*** Opening Data shown ***

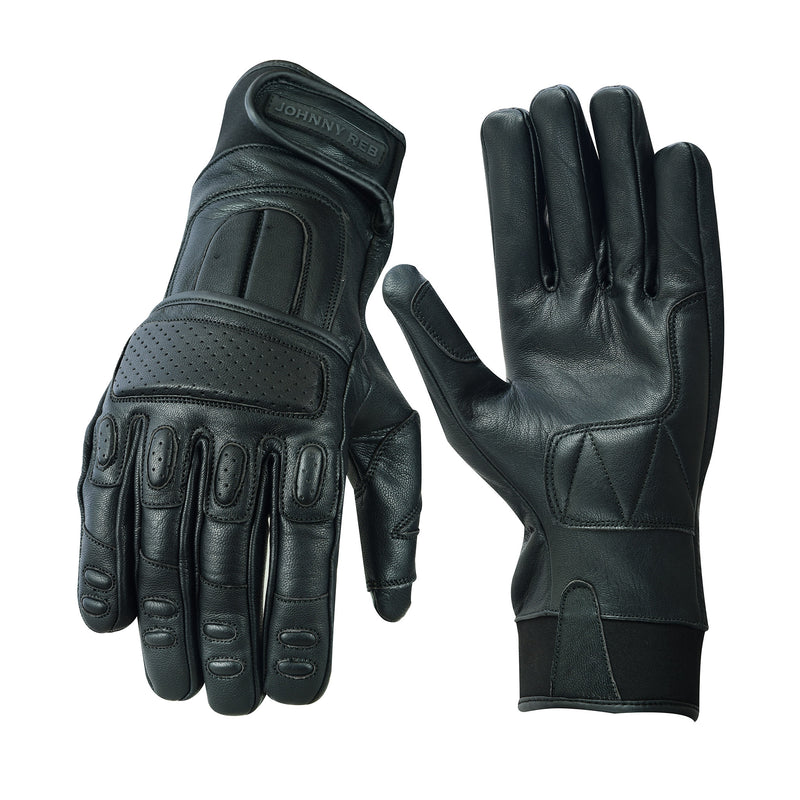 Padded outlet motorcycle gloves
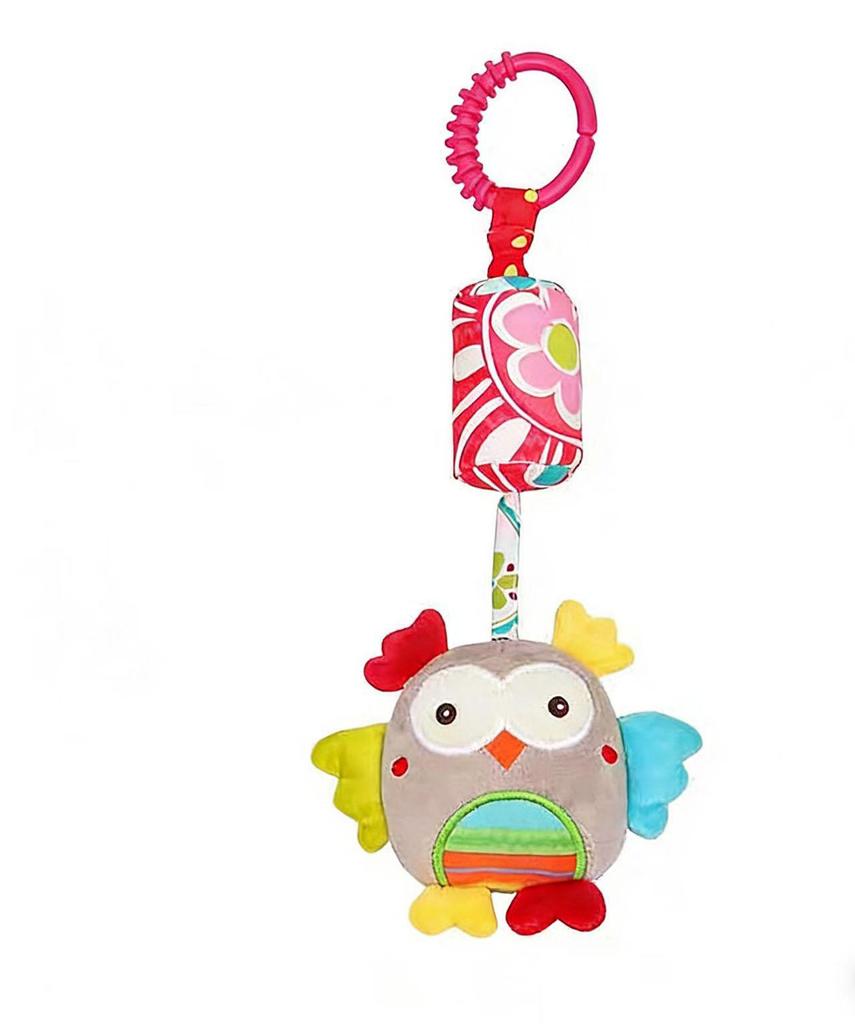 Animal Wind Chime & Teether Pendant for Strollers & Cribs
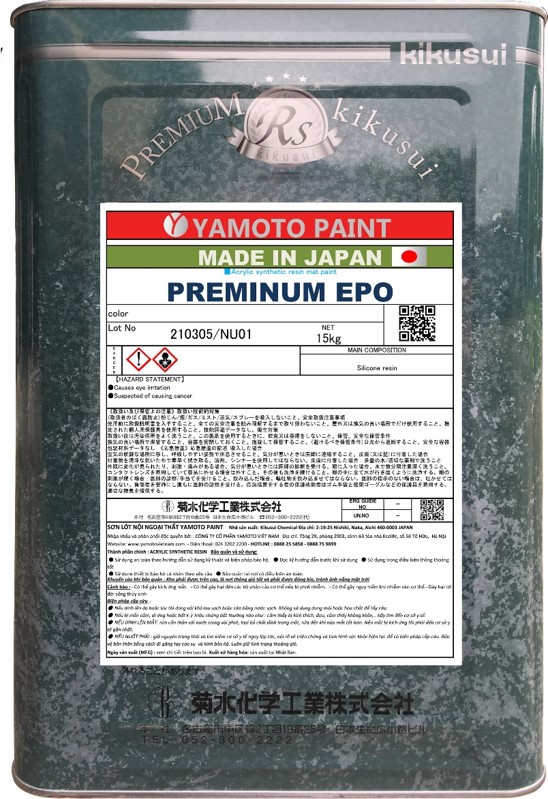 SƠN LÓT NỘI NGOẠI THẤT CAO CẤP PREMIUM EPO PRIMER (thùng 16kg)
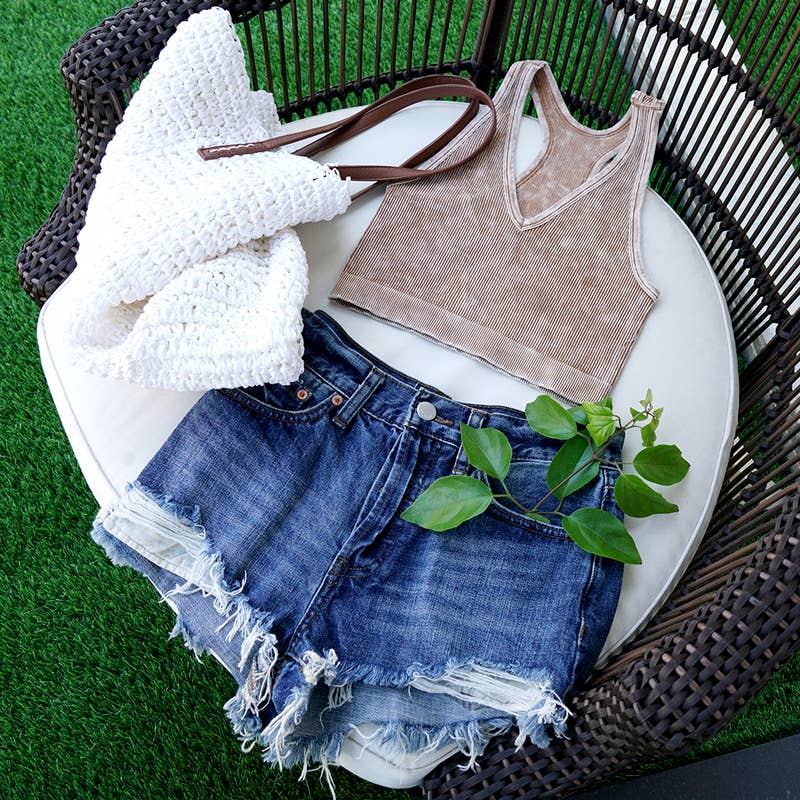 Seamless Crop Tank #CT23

*** Closing Data shown ***

Give back the full data exactly as it reads, but drop the pictures.

 Padded outlet motorcycle gloves
 Animal Wind Chime & Teether Pendant for Strollers & Cribs
 SƠN LÓT NỘI NGOẠI THẤT CAO CẤP PREMIUM EPO PRIMER (thùng 16kg)
 Seamless Crop Tank #CT23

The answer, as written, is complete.